Lipide - Nutztierwissenschaftler präsentierten ihre Forschungsergebnisse
Macht Fett nur fett?

"Nicht Fett ist die Ursache von Übergewicht, sondern die fehlende Fähigkeit der Regulation einer ausgeglichenen Energiebilanz", zog Professor Caspar Wenk gestern Donnerstag an der Fachtagung des Instituts für Nutztierwissenschaften zum Thema "Lipide in Fleisch, Milch und Ei: Eine Herausforderung für die Tierernährung" Bilanz. Die Veranstaltung wurde zu Ehren des 60. Geburtstags von Institutvorsteher Wenk abgehalten. Fachleute aus den verschiedensten Bereichen präsentierten in Vorträgen und in einer Posterausstellung ihre Forschungsergebnisse.

Von Regina Schwendener

Tierische Fette werden in unserer Gesellschaft seit geraumer Zeit mit den Attributen "unerwünscht" oder "gesundheitsschädigend" verbunden. Sowohl von tierzüchterischer Seite als auch über die Tierernährung ist man deshalb seit Jahren bestrebt, in der Tierproduktion den Gesamtfettgehalt tierischer Produkte zu reduzieren und auch die Zusammensetzung der Fette positiv zu beeinflussen. "Fett" war deshalb auch seit 1979 an den Frühjahrstagungen der beiden ETH-Professuren auf dem Gebiete der Tierernährung, die jeweils mit einem Nachtessen für alle Mitarbeitenden verbunden waren und sind, ein spezielles Thema.

"Ja, aber"

Auf die Frage "Macht Fett nur fett?" könne man, so Professor Caspar Wenk, die Aussagen an der diesjährigen Tagung zusammenfassend nur mit "ja, aber" beantworten. "Fett wird für den Ausgleich der Energiebilanz herangezogen. Ursache für eine positive oder negative Energiebilanz ist aber einerseits die gesamte Menge an aufgenommener Energie in Form von Nährstoffen, und andererseits die entsprechenden Energieabgaben", so Wenk. Nahrungsfett müsse vielfältige Aufgaben in der Ernährung des Menschen erfüllen.

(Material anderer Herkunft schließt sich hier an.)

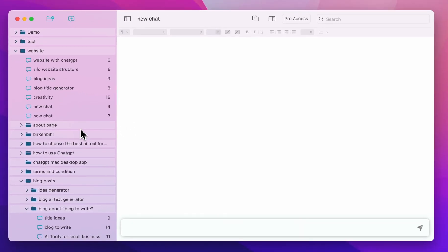Feel free to create as many folders and chats as you want to make organizing easier. Also check out the search feature if you want to search for something across different chats — I will explain that in another video.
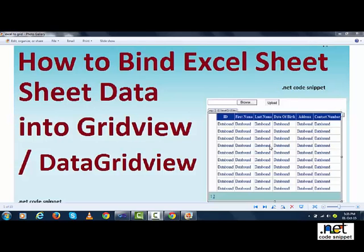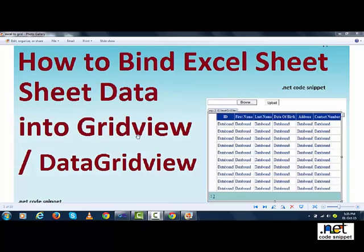Hi, welcome to .NET code snippet. In this video, I am going to show you how to bind Excel sheet data into GridView or DataGridView controller.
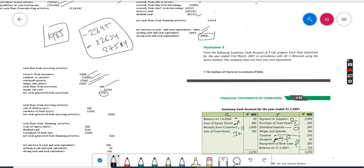For investing activities, from the receipt side only sale of fixed assets - write that 100. Then here we will get the net cash generated from operations. Purchase of fixed assets - 200. That's it, we don't have anything here, so net cash generated from operations is minus 100.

Er präzisierte: "Fett ist aufgrund seiner Funktion im Stoffwechsel der eigentliche Nährstoff zur langfristigen Regulation der Energiebilanz. Bei Mensch und Tier ist der Mechanismus des Energieaustausches über Fett von grösster Bedeutung." Nur bei übergewichtigen Personen ist die hohe Effizienz des Fettstoffwechsels unerwünscht, geht Wenk auf den aktuellen "Dauerbrenner" in unserer Ernährung ein. Aber auch in diesem Falle sei nicht das Fett als solches Ursache von Übergewicht, sondern die fehlende Fähigkeit der Regulation einer ausgeglichenen Fettbilanz. Vorerst gehe es den Forschenden darum, abzuklären, wie der Bedarf an essentiellen Fettsäuren zu decken ist und wie die Aufnahme an fettlöslichen Wirkstoffen sichergestellt werden kann.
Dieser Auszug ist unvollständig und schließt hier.